[Exercise details] Extract the line that contains "Christmas Time is Here Pink Poster" and every line after it through the end of the records below, exactly as written, leaving out any pictures.

[Data]
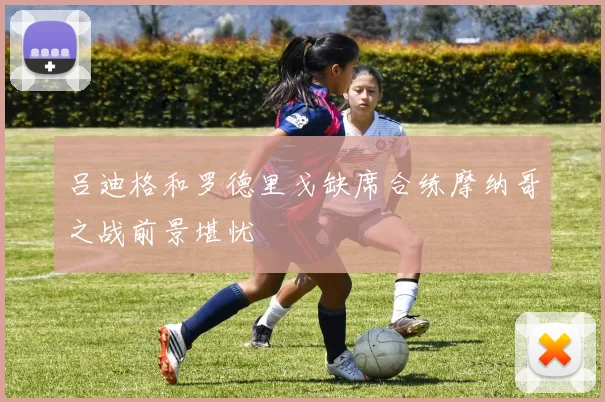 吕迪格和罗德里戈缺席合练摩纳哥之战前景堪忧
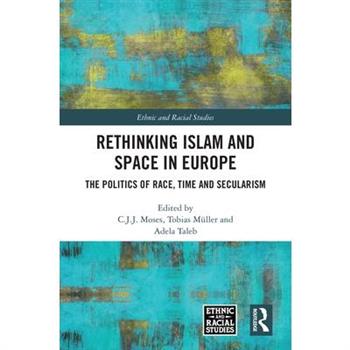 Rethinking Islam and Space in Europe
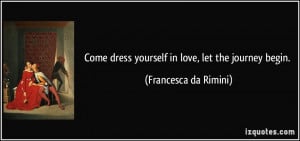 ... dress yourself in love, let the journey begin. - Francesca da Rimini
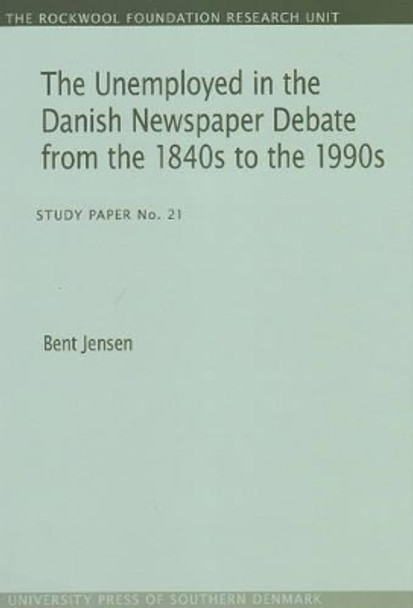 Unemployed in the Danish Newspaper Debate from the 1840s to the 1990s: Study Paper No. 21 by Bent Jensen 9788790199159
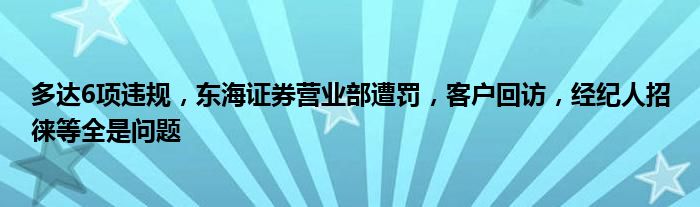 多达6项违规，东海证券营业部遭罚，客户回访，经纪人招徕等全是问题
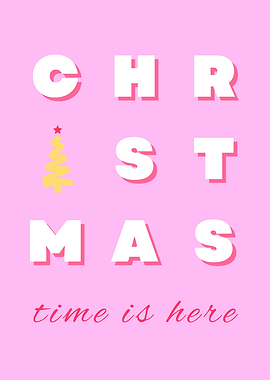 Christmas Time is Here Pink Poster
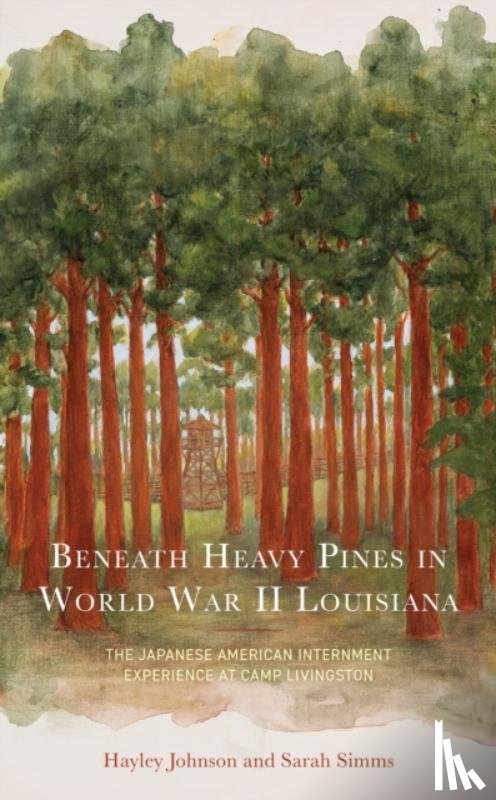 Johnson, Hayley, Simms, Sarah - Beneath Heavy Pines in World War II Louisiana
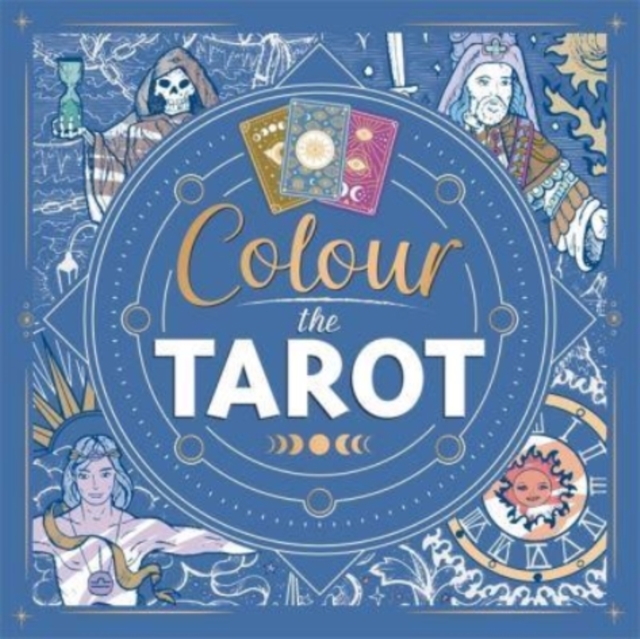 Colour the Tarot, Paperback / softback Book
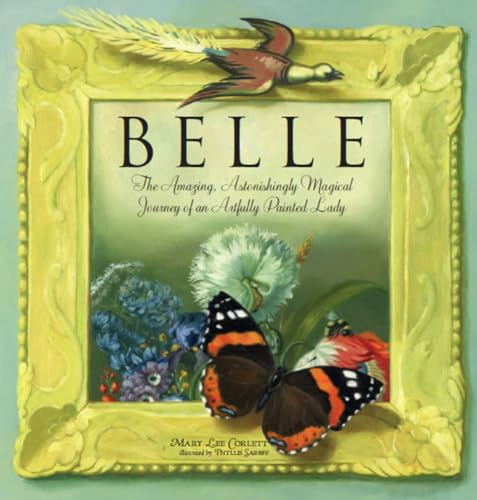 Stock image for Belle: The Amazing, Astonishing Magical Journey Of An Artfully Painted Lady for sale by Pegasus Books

[Result]
 Christmas Time is Here Pink Poster
 Johnson, Hayley, Simms, Sarah - Beneath Heavy Pines in World War II Louisiana
 Colour the Tarot, Paperback / softback Book
 Stock image for Belle: The Amazing, Astonishing Magical Journey Of An Artfully Painted Lady for sale by Pegasus Books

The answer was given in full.